Les Gilets Jaunes tiennent leur 4ème assemblée nationale

Ambiance studieuse à Montpellier

Réunis dans un ancien musée squatté pour l'occasion, les Gilets Jaunes qui sont "toujours là", planchent sur l'avenir du mouvement pendant tout le week-end. Compte rendu.

Manifestation parisienne (2 février 2019) - © Reflets

Plus de 450 Gilets Jaunes venus de toutes la France tiennent la 4ème Assemblée des assemblée ce week-end. Pendant trois jours, ils vont échanger sur l’avenir du mouvement, les prochaines étapes de la mobilisation et les revendications. Le lieu de la rencontre avait été tenu longtemps confidentiel. C’est finalement un squat, la Soucoupe, l’ancien musée de l’agriculture à Montpellier, qui abritera le rassemblement. « C’est un lieu suffisamment spacieux pour permettre le travail en plénière et aussi en petit groupe, tout en ayant un bon espace pour la restauration et la détente », se réjouit un des organisateurs.

Carte des GJ présents - © Reflets
Carte des GJ présents - © Reflets

Gael s’occupe de l’hébergement. « C’était un défi d’accueillir tout ce monde. Nous avons réussi à loger 150 personnes chez d’autres Gilets Jaunes du coin, 50 vont dormir dans un espace transformé en dortoir et autant sous tente dans un terrain pas loin. Les autres se débrouillent. » Elle a rejoint le mouvement dès le début. Cette chargée de gestion financière au CNRS n’avait jamais milité dans un syndicat ou un parti politique. « J’ai senti qu’il se passait quelque chose, j’ai trouvé là un lieu de combat avec des actions concrètes, qui n’est récupéré par personne. J’avais envie d’agir car je vois que la situation de beaucoup se dégrade. Il y a de nombreux retraités pauvres, les lois pour l’indemnisation du chômage et pour les minima sociaux se durcissent, il y a de plus en plus de temps partiels subis. C’est le cas de mon fils qui a 29 ans, il est en CDI à temps partiel chez Mac Do. Les jeunes n’arrivent plus à s’installer, à avoir des projets de vie. Je ne veux plus voir le fossé se creuser entre les gens. »
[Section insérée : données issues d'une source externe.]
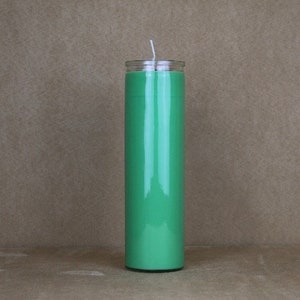 Green Prayer Candle / Healing Candle / Abundance Candle / Luck Candle / Soy Wax Candle / Unscented Candle / 5 Day Burn Candle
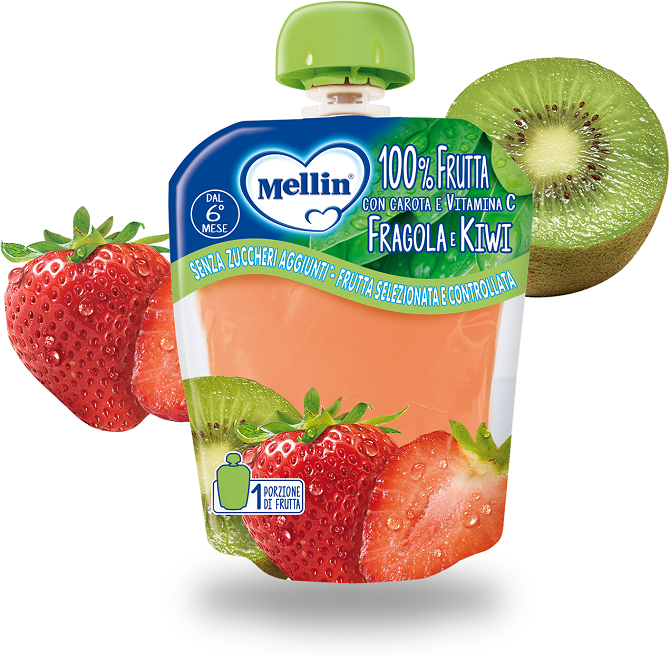 MELLIN pouch fragola-kiwi 90g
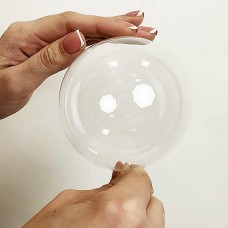 Куля bubble / баблс 5" (12см) Китай (реальний розмір 10см) Bobo червона уп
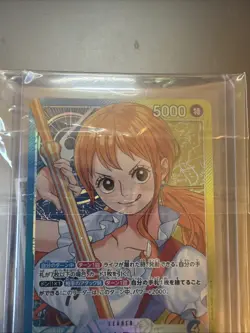 Nami (Alt Art) Parallel OP11-041 L A Fist of Divine Speed - ONE PIECE Card JPN - Image 2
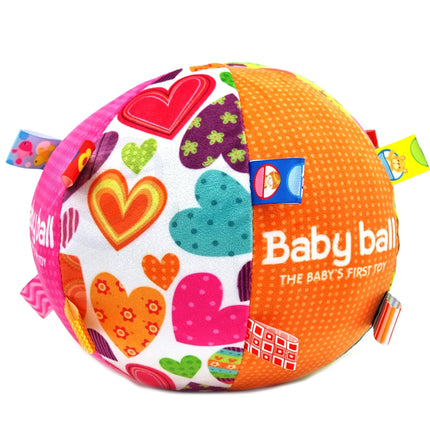 WOOPIE „Soft Sensory Ball“ – minkštas sensorinis kamuoliukas kūdikiams, 3+ mėn.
Accueil des GJ - © Reflets
Accueil des GJ - © Reflets

Baptiste arrive de Funnel dans le Lot-et-Garonne avec Chantal et Georges. Tous trois se sont connus sur un rond-point. « Avant je râlais devant ma télé ou au repas de famille. Je ne m’étais jamais engagé syndicalement ou politiquement. J’avais besoin d’exprimer ma colère contre le mode de fonctionnement du monde, l’individualisme, la compétition, l’injustice. Je ne me reconnais plus dans cette société de consommation. » Pizzaiolo depuis 30 ans, ce Français d’origine portugaise pensait repartir au Portugal. « J’ai acheté une maison à retaper là-bas, et puis le mouvement des Gilets Jaunes est arrivé. Je m’y suis engagé dès le 17 novembre 2018 et ça m’a redonné espoir. Alors j’ai changé mes plans. Je veux que ce mouvement entre dans l’Histoire. Il y a encore des batailles à mener, on en gagne, on en perd… Mais je veux arriver à construire une vraie démocratie. Je suis favorable à des assemblée citoyenne, à une forme de référendum d’initiative citoyenne (RIC). C’est à travailler. »
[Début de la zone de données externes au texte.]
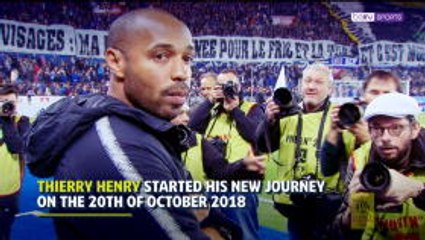 Thierry Henry's baptism of fire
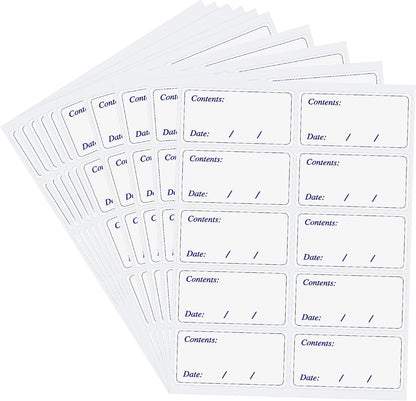 Hybsk Removable Freezer Labels Easy Peel Off - Frozen Food Storage Labels that Leave No Sticky Residue After Use (Type 1)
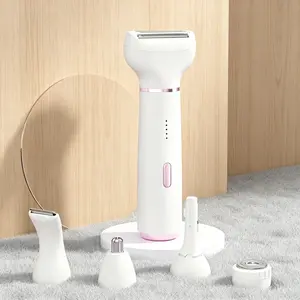 5-In-1 Women's Electric Hair Removal Kit, USB Rechargeable, Water Washable, Full Body Shaving, Perfect Gift for Birthday and Qixi Festival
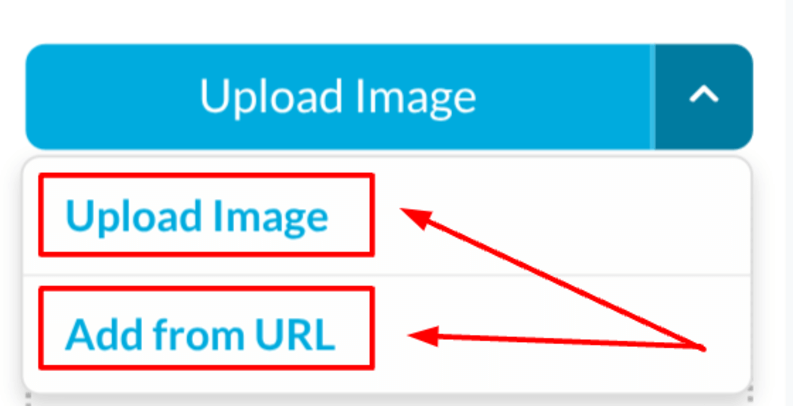 Choose Upload Image from the drop-down menu if you want to upload from your device.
Discussions et interviews se succèdent - © Reflets
Discussions et interviews se succèdent - © Reflets

Chantal, aide soignante retraitée, acquiesce. « Sur le rond-point, j’ai découvert des gens qui partagent la même colère. Ca a été aussi une expérience de solidarité. J’étais très engagée syndicalement à a CGT et politiquement au NPA (Nouveau Parti Anticapitaliste). J’ai mis du temps à m’intégrer. Il a fallu que j’enlève le gilet rouge pour passer au jaune. La cohabitation avec des militants Front National a été difficile. Beaucoup sont partis, d’autres ont évolué dans leurs positions. » Georges, employé communal, attend beaucoup de cette assemblée. « Il faut se mettre en ordre de bataille pour combattre un système qui déraille de plus en plus. Il faut commencer à taxer en haut avant de taxer les petits. »
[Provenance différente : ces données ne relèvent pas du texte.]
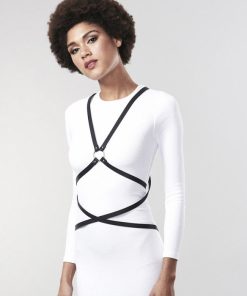 BIJOUX INDISCRETS MAZE MULTI-WAY HARNESS BLACK - slika 3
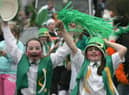  Children take part in the main St. Patrick’s Day parade in Belfast, Northern Ireland. (Photo by Paul McErlane/Getty Images)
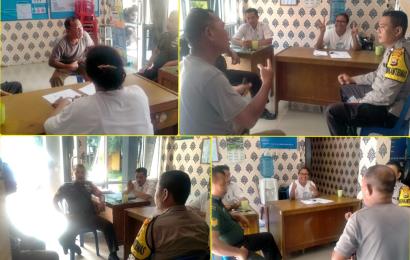 Sambangi Kantor Kelurahan Pagar Dewa, Polsek Selebar Sampaikan Imbauan Kamtibmas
Salle plénière - © Reflets
Salle plénière - © Reflets

13h45 : Tout le monde se dirige vers la plénière ou sont précisées les modalités de déroulement des débat à venir. Auparavant les groupes locaux ont été amenés à se positionner sur cinq questions :

1/ Votre assemblée locale accepte-t-elle la diversité des modes d’action sans les opposer (blocages, manifestations déclarées ou non, désobéissance civile, lobbying citoyen, municipalisme, insurrection…) ?

2/ L’ADA peut-elle s’organiser avec un autre niveau d’assemblée que celui des assemblées locales (par exemple régionales, départementales etc) ? Pour rappel l’ADA ne reconnaît actuellement pas de niveau supérieur à l’assemblée locale.

3/ L’ADA doit-elle rester un évènement ponctuel de quelques jours ou doit-elle s’organiser pour assurer une continuité tout au long de l’année (communication, outils, actions, travaux… ) ?

4/ L’ADA peut-elle impulser des actions communes avec les autres mouvements sociaux et écologiques ?

5/ L’ADA peut-elle contribuer à des initiatives de transformation démocratique (par exemple : RIC, ateliers constituants, commission des lois, article 35, justice pour les blessés…) ?

Ouverture de la plénière - © Reflets
Ouverture de la plénière - © Reflets

L’assemblée travaillera également des thématiques.

Deux thématiques ont été remontées de manière significative : l’appel à la grève générale du 5 Décembre et la question de l’international, en particulier au vu du contexte actuel de soulèvements populaires dans plusieurs pays.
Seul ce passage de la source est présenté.